Pemilik warung, Agung Hardono (39) mengatakan menu garang asem bumbung itu ide awalnya dari ayahnya almarhum yang penyuka masakan bersantan tradisional Jawa. Terbersit garang asem tapi jika tanpa sentuhan tidak akan beda.

"Tanpa sentuhan yang unik pasti kurang nendang karena garang asem ada di banyak warung. Kemudian terpikir dengan dimasak dalam batang bambu berbentuk kentongan, dibakar di arang," papar Agung kepada detikJateng.

Ide itu, terang Agung, kemudian direalisasikan mulai dua atau tiga bulan yang lalu dan ternyata sambutan pelanggan cukup bagus. Pelanggan sangat menikmati karena ada nilai uniknya.
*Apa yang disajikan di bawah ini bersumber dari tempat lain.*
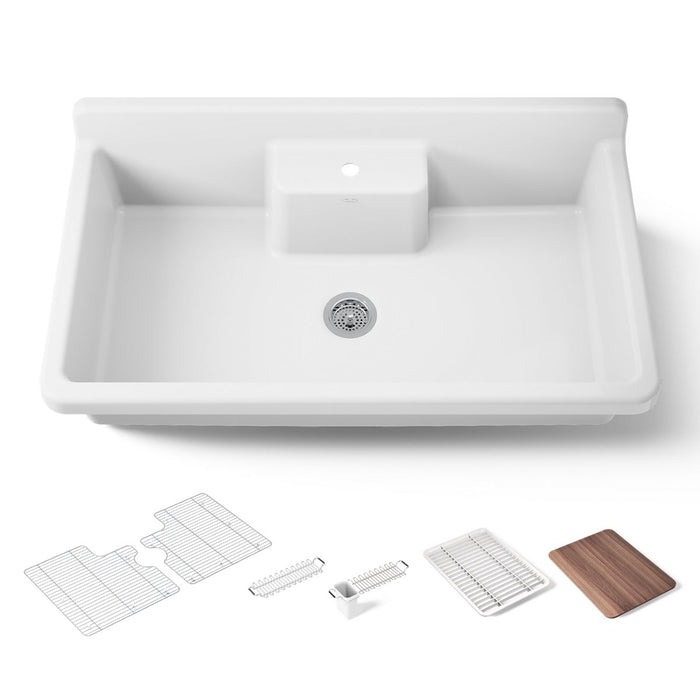 KOHLER K-21103-1HP5 Farmstead 45" top-/wall-mount single-bowl workstation farmhouse kitchen sink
"Dari kesan pelanggan ya itu ada khas bau arang, ada bambu, rasanya jadi tambah unik. Kita masak untuk porsi 3-4 orang, jadi ramai-ramai asyik," kata Agung.

Cara memasak, sebut Agung, memang cukup menyita waktu karena butuh sekitar 20 menit. Awalnya semua bahan dimasak seperti umumnya tetapi di akhir dipindahkan ke bambu.

"Di akhir dipindahkan ke bambu, kita masak di atas arang sehingga disajikan hangat. Kita spesial garang asem ayam kampung karena lebih enak," papar Agung.

Garang asem bumbung di warung Mbah Lincah, Klaten, Selasa (5/12/2023).Garang asem bumbung di warung Mbah Lincah, Klaten, Selasa (5/12/2023). Foto: Achmad Hussein Syauqi/detikJateng

Satu porsi, lanjut Agung, harganya Rp 70.000 plus nasi untuk 3-4 orang. Untuk menjamin kualitas, garang asem dikontrol langsung oleh istrinya, Kiki.

"Yang mengontrol langsung istri saya untuk menjamin kualitasnya. Ini sebenarnya menu baru di warung kami, sebelumnya ada balung gajah atau iga sapi ukuran besar," pungkas Agung.

Istri Agung, Kiki Hapsari (39) menceritakan ide masakan itu dari ayahnya, Suharto almarhum yang memintanya untuk mengeluarkan menu tradisional Jawa. Sebab ayahnya penyuka masakan ayam kampung dan santan akhirnya dibuat garang asem bumbung.

"Keluarkan menu tradisional Jawa, pesan bapak. Tapi takdir Allah beliau meninggal Agustus lalu, jadi menu ini atas usulan bapak," katanya kepada detikJateng.

Garang asem bumbung, sebut Kiki, memang penyajiannya membutuhkan waktu karena di warungnya disajikan hangat. Menu itu tidak dibungkus daun pisang agar bisa ramai dinikmati.

"Garang asem ini kan masakan khas Solo-Yogyakarta, kalau dengan bungkus daun pisang hanya bisa dinikmati satu orang. Padahal enaknya ramai-ramai sehingga dimasak di bumbung," pungkas Kiki.